The last time she got help from the Salvation Army at Christmas, her oldest child, 10-year-old Tera Gordon, was a toddler, she said.
The Salvation Army screens all the families. Very few are turned away, said organizer Maj. Georgia Henderson.
The families make an appointment to pick up their gifts.
The process works a lot like an assembly line, with about 50 volunteers working behind the scenes to stock toy shelves and replenish food bags.
First stop is the toy shop, where parents get to choose two gifts for each child. There are matchbox cars, dolls and games.
Younger children get teddy bears dressed in outfits made by volunteers.
The presents are stuffed in oversized trash bags.
It took two people to carry the gifts that Mary Gross, 36, picked out for her four girls and three boys.
"I'd like to be at her house on Christmas morning," said volunteer Beulah Boore.

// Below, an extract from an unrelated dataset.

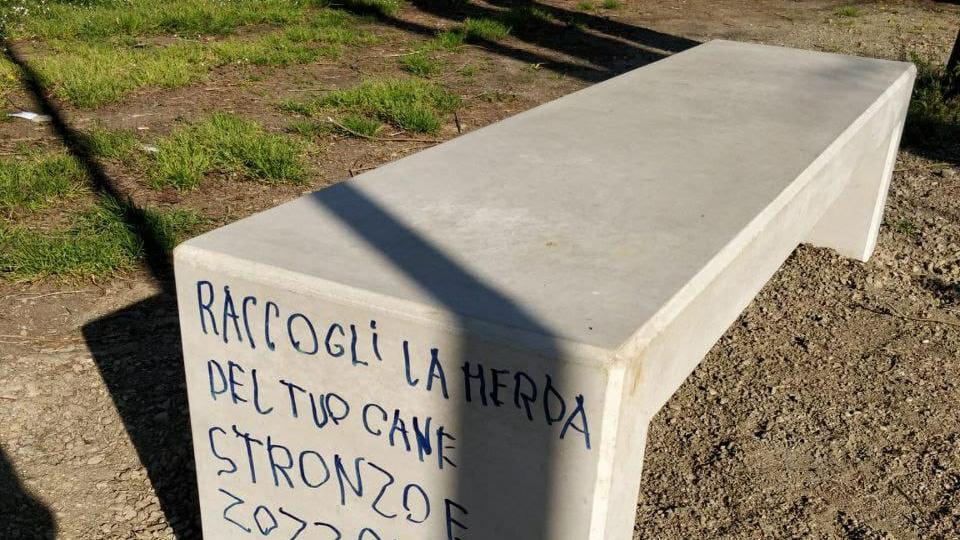 Una delle panchine imbrattata con la scritta contro i proprietari dei cani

After visiting the toy room, each family picked up a turkey and all the trimmings for their Christmas dinners.
Then, families got yet another large bag of goodies from their Christmas "angel," a member of the community who has "adopted" them and bought presents for them.
This year, the Salvation Army spent about $25,000 on toys, Henderson said.

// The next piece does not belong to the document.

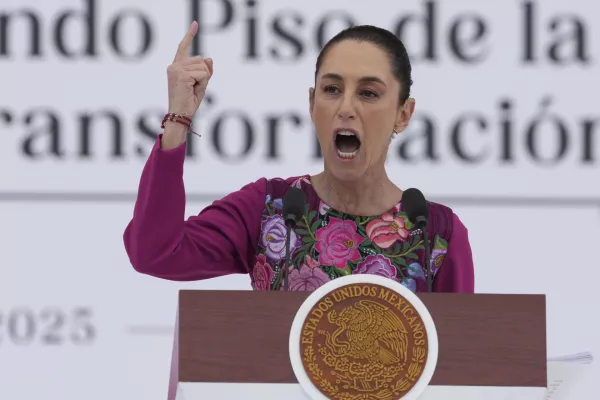 FILE - President Claudia Sheinbaum speaks to the crowd during an event marking her first 100 days in office, at the Z&oacute;calo, Mexico City's main square, in Mexico City, Sunday, Jan. 12, 2025. (AP Photo/Fernando Llano, File)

"We buy these toys on faith that we'll get the income in the mail appeals and at the kettles," she said.
People in the community also donate toys, food and time.
The people who receive help come from a wide range of backgrounds, Henderson said.
"We're seeing a lot of working people who are really trying. By the time they pay the rent, food and heat, there's no Christmas," she said. "People come in and say, 'I never thought this would be me.'"
Henderson gets teary-eyed as she talks about the giveaway.
"It is a good feeling. I feel very blessed to be able to do this," she said.